Requirement |
A word-for-word copy of the listing that follows is required.

Entries provided |
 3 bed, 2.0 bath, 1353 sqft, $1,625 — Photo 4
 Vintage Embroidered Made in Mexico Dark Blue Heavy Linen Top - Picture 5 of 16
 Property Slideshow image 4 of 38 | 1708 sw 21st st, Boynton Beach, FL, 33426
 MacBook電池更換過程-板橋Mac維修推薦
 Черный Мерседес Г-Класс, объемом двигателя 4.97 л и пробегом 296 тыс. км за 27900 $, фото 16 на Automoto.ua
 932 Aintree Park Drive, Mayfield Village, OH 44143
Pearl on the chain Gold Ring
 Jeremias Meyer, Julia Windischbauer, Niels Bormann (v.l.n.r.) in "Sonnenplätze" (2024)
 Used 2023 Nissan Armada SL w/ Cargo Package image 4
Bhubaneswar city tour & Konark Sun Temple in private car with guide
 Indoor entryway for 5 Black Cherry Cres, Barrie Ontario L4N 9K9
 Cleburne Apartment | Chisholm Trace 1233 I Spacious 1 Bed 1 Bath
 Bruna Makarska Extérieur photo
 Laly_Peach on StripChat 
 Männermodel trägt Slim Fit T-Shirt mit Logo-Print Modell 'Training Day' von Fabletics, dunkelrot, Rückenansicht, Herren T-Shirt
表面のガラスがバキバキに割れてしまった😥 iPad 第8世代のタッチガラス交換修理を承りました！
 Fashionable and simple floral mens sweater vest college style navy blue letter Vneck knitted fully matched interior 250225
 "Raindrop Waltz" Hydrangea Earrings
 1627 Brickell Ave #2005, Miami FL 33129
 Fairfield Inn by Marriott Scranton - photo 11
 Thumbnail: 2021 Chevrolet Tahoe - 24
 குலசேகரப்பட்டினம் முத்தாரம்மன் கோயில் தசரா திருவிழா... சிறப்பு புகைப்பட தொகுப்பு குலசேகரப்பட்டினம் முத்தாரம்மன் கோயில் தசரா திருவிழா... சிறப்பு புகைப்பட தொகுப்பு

Finished task |
 3 bed, 2.0 bath, 1353 sqft, $1,625 — Photo 4
 Vintage Embroidered Made in Mexico Dark Blue Heavy Linen Top - Picture 5 of 16
 Property Slideshow image 4 of 38 | 1708 sw 21st st, Boynton Beach, FL, 33426
 MacBook電池更換過程-板橋Mac維修推薦
 Черный Мерседес Г-Класс, объемом двигателя 4.97 л и пробегом 296 тыс. км за 27900 $, фото 16 на Automoto.ua
 932 Aintree Park Drive, Mayfield Village, OH 44143
Pearl on the chain Gold Ring
 Jeremias Meyer, Julia Windischbauer, Niels Bormann (v.l.n.r.) in "Sonnenplätze" (2024)
 Used 2023 Nissan Armada SL w/ Cargo Package image 4
Bhubaneswar city tour & Konark Sun Temple in private car with guide
 Indoor entryway for 5 Black Cherry Cres, Barrie Ontario L4N 9K9
 Cleburne Apartment | Chisholm Trace 1233 I Spacious 1 Bed 1 Bath
 Bruna Makarska Extérieur photo
 Laly_Peach on StripChat 
 Männermodel trägt Slim Fit T-Shirt mit Logo-Print Modell 'Training Day' von Fabletics, dunkelrot, Rückenansicht, Herren T-Shirt
表面のガラスがバキバキに割れてしまった😥 iPad 第8世代のタッチガラス交換修理を承りました！
 Fashionable and simple floral mens sweater vest college style navy blue letter Vneck knitted fully matched interior 250225
 "Raindrop Waltz" Hydrangea Earrings
 1627 Brickell Ave #2005, Miami FL 33129
 Fairfield Inn by Marriott Scranton - photo 11
 Thumbnail: 2021 Chevrolet Tahoe - 24
 குலசேகரப்பட்டினம் முத்தாரம்மன் கோயில் தசரா திருவிழா... சிறப்பு புகைப்பட தொகுப்பு குலசேகரப்பட்டினம் முத்தாரம்மன் கோயில் தசரா திருவிழா... சிறப்பு புகைப்பட தொகுப்பு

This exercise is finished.